Python

Ingestion

There is an experimental API available that can be used to ingest samples using the TileDB-VCF Python API. This API is not fully stable yet, and is subject to change:

Python
Python
import tiledbvcf
ds = tiledbvcf.TileDBVCFDataset('my-dataset', mode='w')
samples = ['{}.bcf'.format(i) for i in range(1, 6)]
ds.ingest_samples(samples)

Reading

The Python API provides very similar functionality to the Spark API. By default, data is read and returned as a Pandas dataframe, but integration with Dask is also available, producing data as a Dask dataframe.

Read into Pandas Dataframe

To read data from two regions and three samples:

Python
Python
import tiledbvcf
ds = tiledbvcf.TileDBVCFDataset('my-dataset', mode='r')
df = ds.read(attrs=['sample_name', 'pos_start', 'pos_end'],
regions=['chr1:1000-2000', 'chr2:500-501'],
samples=['sampleA', 'sampleB', 'sampleD'])

The read operation returns df, a Pandas dataframe object, with 3 columns containing the sample name, start position and end position of each result record.

Handling Large Reads

For very large reads, the Python API also allows batches of samples to be read separately, which can enable incremental/out-of-core processing in the event that the requested data is too large to fit in main memory.

Python
Python
import tiledbvcf
ds = tiledbvcf.TileDBVCFDataset('my-large-dataset', mode='r')
df = ds.read(attrs=['sample_name', 'pos_start', 'pos_end'],
bed_file='very-large-bedfile.bed')
# Run your function to process the first dataframe:
your_processing_function(df)
while not ds.read_completed():
df = ds.continue_read()
your_processing_function(df)

This example reads with a large BED file (containing many regions), across all samples in the dataset. The results are returned in batches, where each batch is a new dataframe object that can be processed independently.

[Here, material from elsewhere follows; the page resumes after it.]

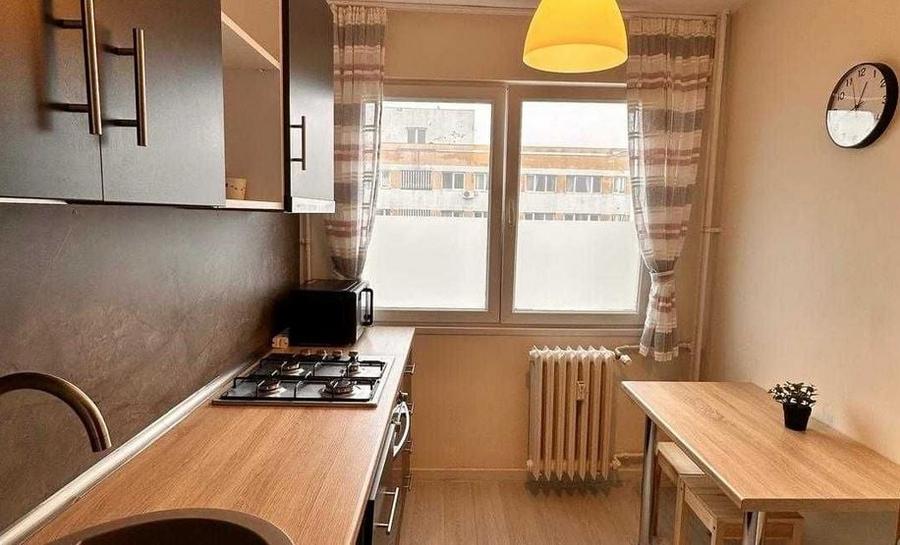 Apartament cu 3 camere semidecomandat, mobilat în Nicolae Grigorescu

There is also a corresponding API that uses Python generator expressions to accomplish the same task:

Python
Python
import tiledbvcf
ds = tiledbvcf.TileDBVCFDataset('my-large-dataset', mode='r')
for df in ds.read_iter(attrs=['sample_name', 'pos_start', 'pos_end'],
bed_file='very-large-bedfile.bed'):
your_processing_function(df)

Read into Dask Dataframe

In this example we use the TileDB-VCF Python API with Dask to partition the read operations across regions and samples. The partitioning semantics are identical to Spark. The result is a Dask dataframe (instead of the normal Pandas dataframe). We focus on a local machine for simplicity, but the API works on any Dask cluster.

Python
Python
import tiledbvcf
import dask
ds = tiledbvcf.TileDBVCFDataset('my-large-dataset', mode='r')
dask_df = ds.read_dask(attrs=['sample_name', 'pos_start', 'pos_end'],
bed_file='very-large-bedfile.bed',
region_partitions=10,
sample_partitions=2)

This example performs the same "very large" read as the previous example, but using Dask to partition the work across the available Dask workers.

If you plan to perform filtering on the results in the Dask dataframe, in some cases it can be more efficient to use the map_dask API instead of the more basic read_dask. The map_dask function takes an additional parameter, a function that performs the filtering, and applies it immediately after performing the read, before returning the result of the partition "into" the Dask dataframe.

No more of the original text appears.